He's never going to win.
Pauline Hanson's never going to win.
And then you get to sort of the 30%.
You're like, well, this is only happening because...
you know, this sort of insinuation that there's just a bad section of the population and they're voting in a bad way.
But the majority of people would never do that.
And at no point is there ever a sense where people slow down and think, well, people are experts in their own lives.
I believe that.
Why are a lot of people, good, honest people, deciding that they want such a break with the status quo?
And Labor at the moment have decided that they're still like a deer in their headlights, thinking that what this moment requires is this quote-unquote steady hand, when what's clear is that any political movement across the world at the moment, especially in Western democracies, succeeds when they've recognised the scale of the challenges in people's lives and offer a comparable break.
Politically, like policy-wise, it's not that hard, but it does require taking on a lot of vested interests and corporate interests.

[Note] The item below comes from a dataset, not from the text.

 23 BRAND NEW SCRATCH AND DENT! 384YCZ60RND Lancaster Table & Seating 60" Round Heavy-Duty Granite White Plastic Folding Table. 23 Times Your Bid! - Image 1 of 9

And I think Jeremy Corbyn in 2017, off the back of nationalizing all their utilities and building a million public homes,
He was able to get this surge.
Andy Burnham in the UK is partly popular because he's seen as bringing the bus system in Manchester into public hands and wants to nationalise water utilities similar to the UK Greens and Zach Polanski.
Rather than this sort of tinkering, what they're proposing is big, qualitative structural change.
And rhetorically, I think that's really important.
The thing that it hasn't solved yet is that organisational question.
Yeah, I think so.
I think there's always going to be a debate about specifics, right?